Thursday, March 11, 2010

Widening the Porch

Introducing my friends to my blog has been similar to introducing my children to ethnic cuisine. They’re intrigued that I’m pursuing something new, but a blog sounds like something that potentially requires clean up afterward. They don’t know how to use one; there’s a reason they’ve never tried one before. Blogs are scary. Not just green and potentially not pleasing to the palate scary, I mean total cave darkness scary. Like walking past that really large teenager lurking around the food court in the mall, who managed to find jeans that were even larger, adorned with holes and chains that reflect the shiny skull design on his hoodie, not to mention the ski cap, in June. Yes, even though we know that there’s probably a nice young man in there somewhere, we just walk by, fast. Some things are better left unknown.

So it’s been interesting watching my friend’s reactions as I respond to the innocent query, “What have you been up to?” with an unexpected, “Well, I’ve just launched my blog.” This is often followed by “Really?” and awkward silence, or “Wow, I’ve never seen a blog. Good luck with that. See you later.” I completely sympathize with their response; mine was similar last November when I was introduced to the concept of blogging at a workshop at the Heart of America Christian Writer’s Conference. As I listened to the speaker inform me that I needed a blog, and a social networking venue and I needed to start blogging, seriously, fear welled up. I felt nauseous. New is scary. The internet, with all its possibilities and unknown quantities, is the ultimate “black hole” of things that could be bad. Asking people to view my blog, and leaving comments on stranger’s blogs - also cause for trepidation.

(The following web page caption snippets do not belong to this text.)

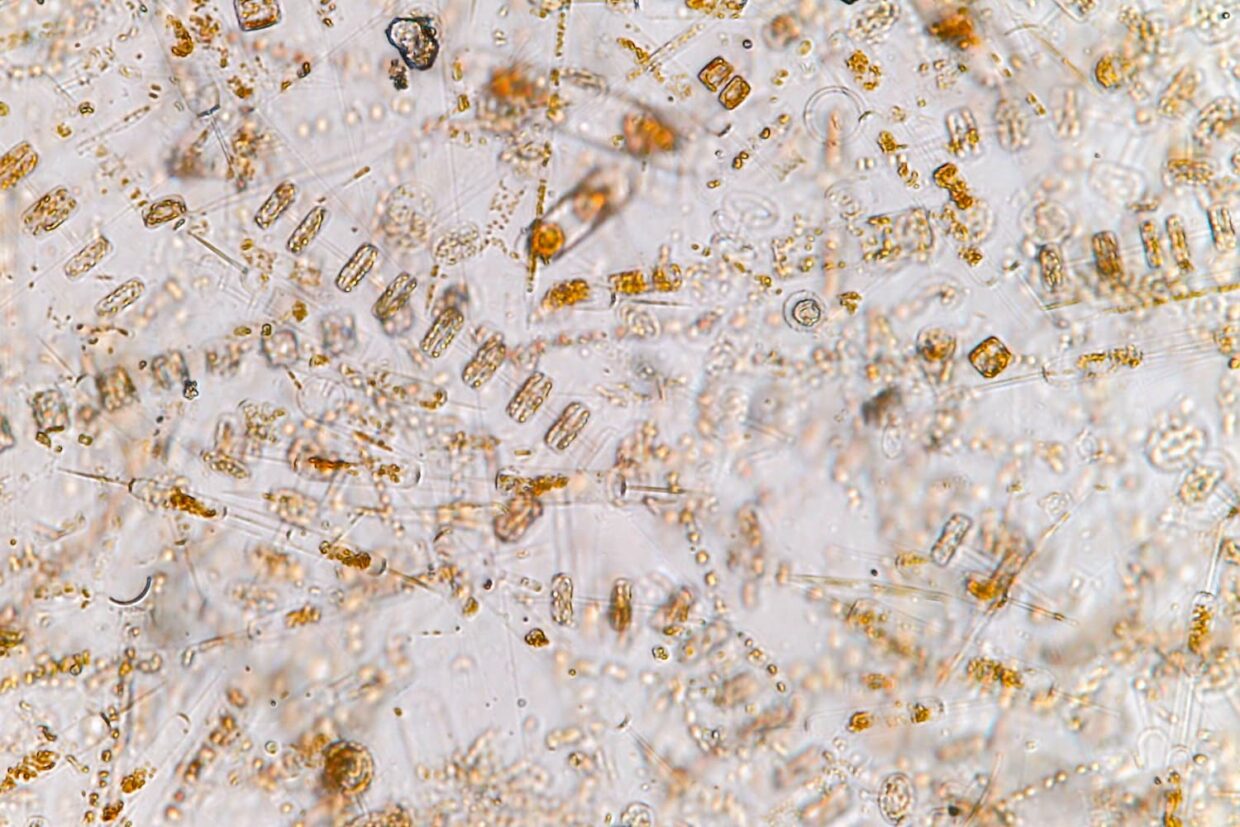 Micro-organismes sous microscope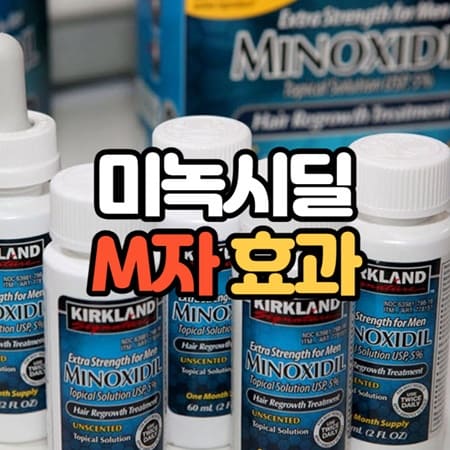 미녹시딜 M자 효과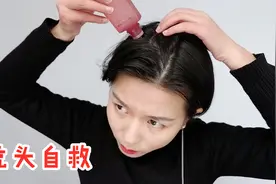 脱发指南：秃顶和发际线上移是两回事？3款防脱发精华液大吐槽视频封面
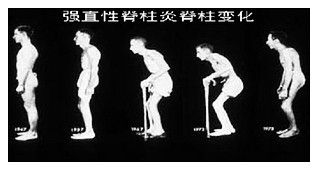 弯腰时腰部有压迫感是腰突吗,弯腰久了背后疼痛是什么病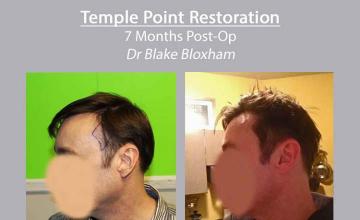 Hair restoration surgery before and after images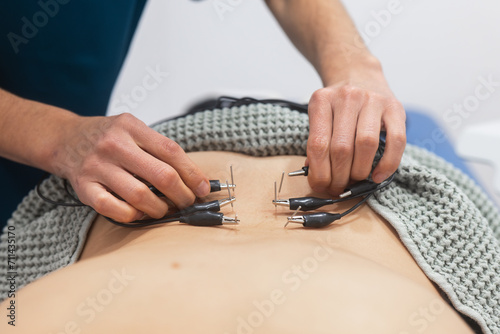 Close-up of ECG electrode placement on patient's chest photo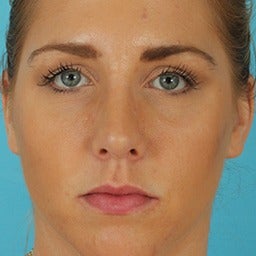 Rhinoplasty after 1675615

Change is always difficult. Jesus and the disciples must have met people with similar fears when He came with the message of repentance and salvation. Jesus challenged the Israelites to look at their relationship with God in a new way. He brought together familiar truths to empower them: that "You shall love the LORD your God with all your heart and with all your soul and with all your might” (Deut 6:5), is demonstrated by the way in which we love our neighbor. (Lev 19:18) Legalism was out, and the definition of what it means to love God was forever changed.

Jesus came to fulfill the law, to bring a new covenant. He didn’t meet their expectations of a Messiah, and they were challenged to look for God’s kingdom in a spiritual realm rather than a physical one. For people who struggled just to survive and meet their daily needs, this was a drastic change in perspective.

His ideas were radical, they still are. To love sacrificially, to die to “self”, how can this bring us happiness? And while we are giving our “selves” up for the sake of the kingdom, who is going to make sure we’re taken care of? Without a true belief in God and His unconditional love for us, this is a scary prospect. But each day, we pray and we hope. We tentatively take that step toward heaven, by trusting, by practicing works of mercy, and leaving our fears at the foot of the cross.

For me, part of that walk now includes a blog. They way we experience community is changing, and as intimidating as the prospect of the internet can be for my generation; it’s also full of opportunity. We spend more time in front of our computer screens then on our front porches visiting with our neighbors. I don’t think that’s necessarily a good thing, but it’s a reality. Hopefully, I’ll be able to balance both. Nothing will ever replace the affirmation we receive from eye contact and face to face interaction, but the opportunity to meet a wider variety of people through the internet is a blessing too. We have the ability now to widen our porches, to put out more chairs, and get to know neighbors we wouldn’t have had access to before. Blogs are the places where we tell our stories, laugh at each other’s jokes, and walk through hardships with one another.

I’m so appreciative to my extremely brave friends who have ventured out to visit the blog so far. Thank you all for the encouragement! May we each be challenged this Lent to ask God for the faith we need to reach out along the way and try something new, to stay and visit when we find ourselves with new neighbors, even when we’ve ventured onto an unfamiliar front porch.